Ella concierta a lo que comanda la vocación del escritor con una mística, nombrándola al modo joyceano: “epifanías”, ubica esta modalidad en la lectura de los poetas como Rilke o Mallarme, epifanías q determinaron para cada uno: ”el efecto de cierta relación con el lenguaje, determinada por la misma práctica poética”…

La autora va realizando un recorrido escogido por los poetas, entre otros indica respecto de Mallarme (*), que busca en la crisis del verso la contingencia que bordea el absurdo de la relación del sonido con el sentido, por el juego de las relaciones sonoras entre los vocablos.

Entonces el poeta llega a un desprendimiento en el que surgen estos objetos: que son “…una voz y una mirada, como separadas, suplentes del goce sin pies ni cabeza del que ellas son el soporte, el sentido abolido.”, (Mallarme, ob. citada). Entonces es por la práctica de la letra que el escritor espera lo que no podría esperar de otra manera… la satisfacción de su acto mismo.

En las NOVELAS:

La novela permite la puesta en escena de los fantasmas, pero la escritura, el trabajo sobre el lenguaje, introduce una dimensión suplementaria que se parece a la construcción del fantasma inconsciente tal el que se opera en una cura. Acorde a como señala LACAN en su (homenaje a Marguerite Duras), allí dice que: ”la practica de la letra converja con los usos de lo inconsciente”.

Aquí en el acto de la escritura, en la operación literaria es el texto el que produce al objeto, permitiendo así esperar la Befriedigung de la pulsión, ese apaciguamiento que no es sin separación, en el que consiste la sublimación.

Si el síntoma es el equivalente de una letra (rebús) cuyos efectos sufre el sujeto hasta que la interpretación la restituya como tal; se trataría en la producción del acto de escribir, de que se pueda entonces “reajustar” por el lado de la letra, vendría a ocupar el lugar del síntoma?

Es en el estilo de Flaubert (**) donde se muestra más en evidencia el pasaje del fantasma. Seria el estilo de este u otro escritor el que realizaría el fantasma y permitiría la recuperación del objeto de goce?

Freud en el poeta y la fantasía, ya nos había anticipado:

“los mismos poetas nos aseguran de continuo que en cada hombre hay un poeta y que solo con el último hombre morirá el último poeta.” Así todo el placer estético que el poeta nos procura entraña este carácter del placer preliminar, y el verdadero goce de la obra poética; consideraba Freud que el poeta nos pone en situación de “gozar en adelante, sin avergonzarnos ni hacernos reproche alguno, de nuestras propias fantasías.”

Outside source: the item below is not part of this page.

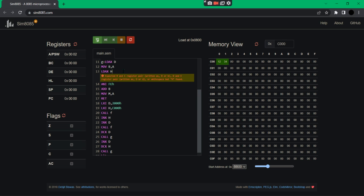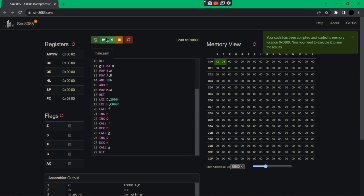There's an error: 'expected B and C register pair written as BRD but H is found.' So LDAX only works for the BC register pair or DE register pair - it doesn't work for H. To get around that, instead of LDAX we can use MOV A,M - move to A from memory. Let's compile and run that.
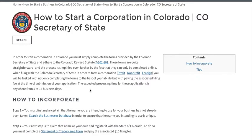In order to incorporate, you are first going to need to search the business database and ensure that the name you have selected for your corporation has not already been selected by someone else. Providing that the name you have selected is available for use, your next step is going to be to reserve that name.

Rebus El principio pro-rebus (de rebus, palabra latina que viene a significar “una cosa por otra”)

La Epifanía (por etimología del griego: επιφάνεια que significa: “manifestación; un fenómeno”).

(*) S. Mallarmé: “Tombeau d’un inconnue” en Oeuvres Complètes, La Pléiade, Gallimard, París, 1974.

(**) G. Flaubert: “Oeuvres Complètes, tomo I, Seuil, París,1964.